TURKISH JOURNAL OF ELECTRICAL ENGINEERING AND COMPUTER SCIENCES, cilt.27, ss.1619-1635, 2019 (SCI İndekslerine Giren Dergi) identifier identifier

  • Cilt numarası: 27 Konu: 3
  • Basım Tarihi: 2019
  • Doi Numarası: 10.3906/elk-1812-124
  • Dergi Adı: TURKISH JOURNAL OF ELECTRICAL ENGINEERING AND COMPUTER SCIENCES
  • Sayfa Sayıları: ss.1619-1635

Özet

Traditional machine learning algorithms assume that the training and test data have the same distribution, while this assumption does not necessarily hold in real applications. Domain adaptation methods take into account the deviations in data distribution. In this work, we study the problem of domain adaptation on graphs. We consider a source graph and a target graph constructed with samples drawn from data manifolds. We study the problem of estimating the unknown class labels on the target graph using the label information on the source graph and the similarity between the two graphs. We particularly focus on a setting where the target label function is learned such that its spectrum is similar to that of the source label function. We first propose a theoretical analysis of domain adaptation on graphs and present performance bounds that characterize the target classification error in terms of the properties of the graphs and the data manifolds.
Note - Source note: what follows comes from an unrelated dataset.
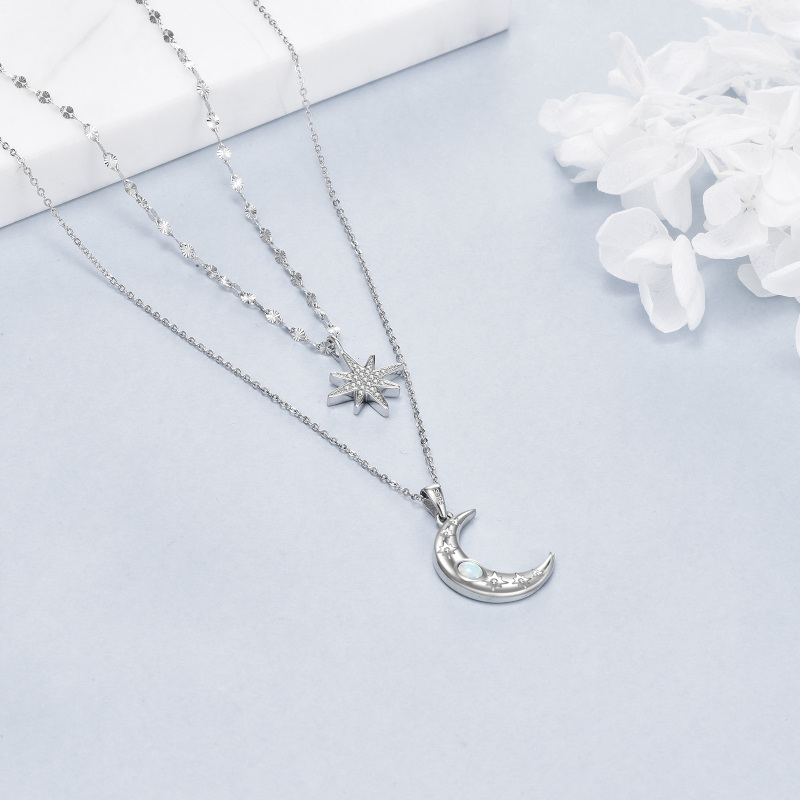Sterling zilveren cirkelvormige opaal maan & ster gelaagde ketting-4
We show that the classification performance improves as the topologies of the graphs get more balanced, i.e. as the numbers of neighbors of different graph nodes become more proportionate, and weak edges with small weights are avoided. Our results also suggest that graph edges between too distant data samples should be avoided for good generalization performance. We then propose a graph domain adaptation algorithm inspired by our theoretical findings, which estimates the label functions while learning the source and target graph topologies at the same time. The joint graph learning and label estimation problem is formulated through an objective function relying on our performance bounds, which is minimized with an alternating optimization scheme. Experiments on synthetic and real data sets suggest that the proposed method outperforms baseline approaches.